Last week's rainfall helped, just not the already matured crops

Other areas in west central Iowa are even drier, but places like Adair County received a slight boost to their own drought conditions last week as a steady, gentle rain fell over a span of several days.

While this moisture helped in some ways longtime Adair County farmer Ralph Lents estimates that the rains weren’t able to help the corn and soybean crops very much simply because of how late it is in the growing season. He expects soybean harvesting to begin late this week.

“It might make the bean seed a little bigger if they’re still green, but other than that it won’t make very much difference,” Lents said. “Corn is done, it has matured and is drying down. It hasn’t done a thing for our corn.”

Lents says income will be down this year due to conditions and a subsequent lack of bushels.

Also due to the drought, livestock producers are looking to alternative feeding options for animals far earlier in the year than usual because of a lack of good pasturelands.

Back on the crop side, most of the corn isn’t ready to be harvest, Lents said. When corn harvest does begin, he is optimistic for how it will go.

Justin Glisan, State Climatologist with the Iowa Department of Agriculture’s Climatology Bureau, stated that Greenfield was down a little greater than 10 inches Tuesday from where it should be at this point in the calendar year. Greenfield has received 18.2 inches of moisture since the start of the year.

Glisan said the area came in 2020 in a good spot in terms of moisture, which is likely to put 2020 in a better spot all-time against another recent dry year, 2012.

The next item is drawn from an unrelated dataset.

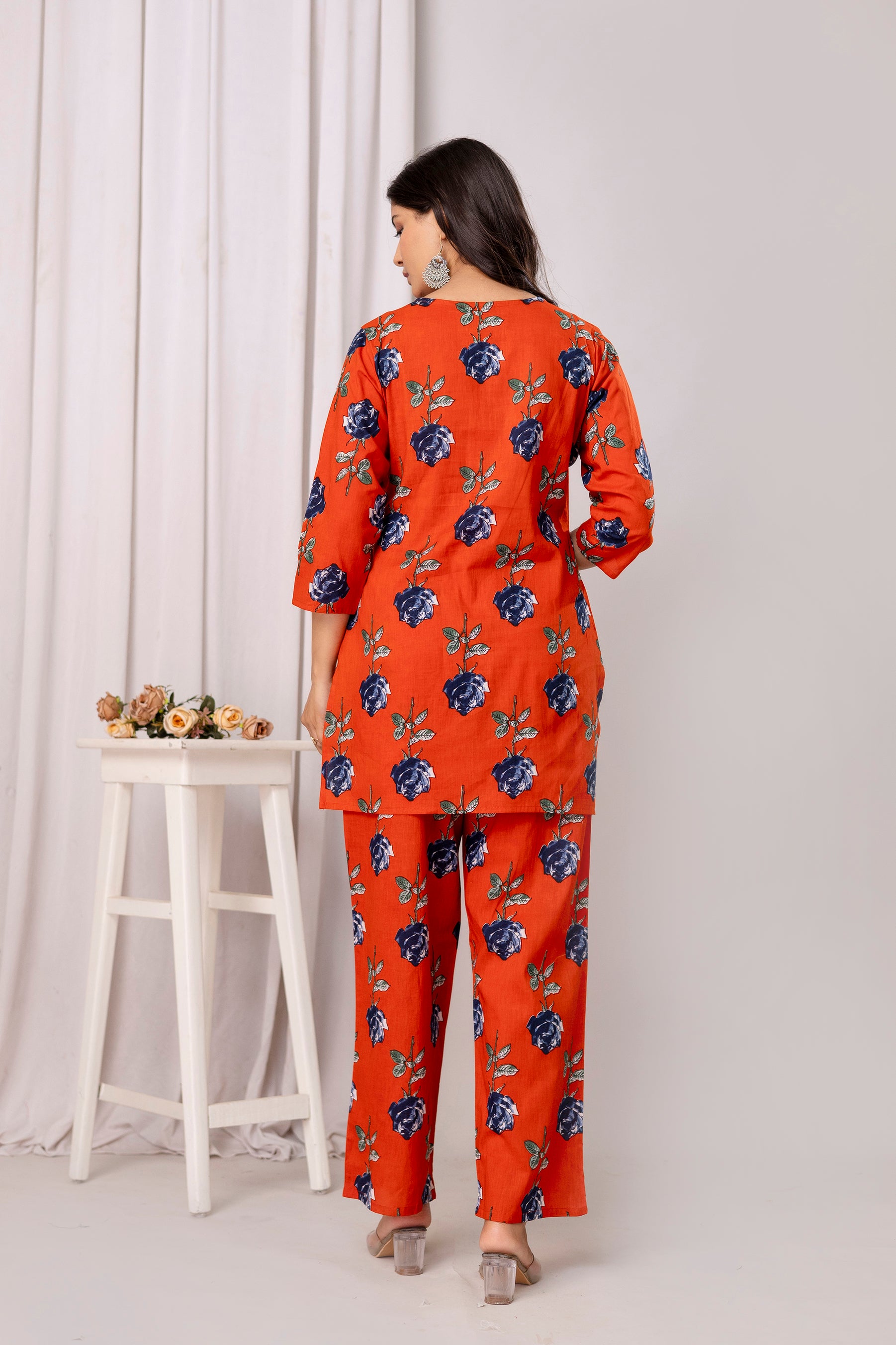 Womens Pure cotton Floral print Kurti style co-ord set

“The drought we’re in now is pretty much localized to western Iowa and into Nebraska. If we see what we expect in September, October and November precipitation-wise we should make some significant improvements in drought conditions,” Glisan said. “I think where we’re worried right now is sub-soil recharge, and these gentle rains we had over the last week, those are the kinds of rainfall we want to see because those are the ones that filter down into the soil instead of running off.”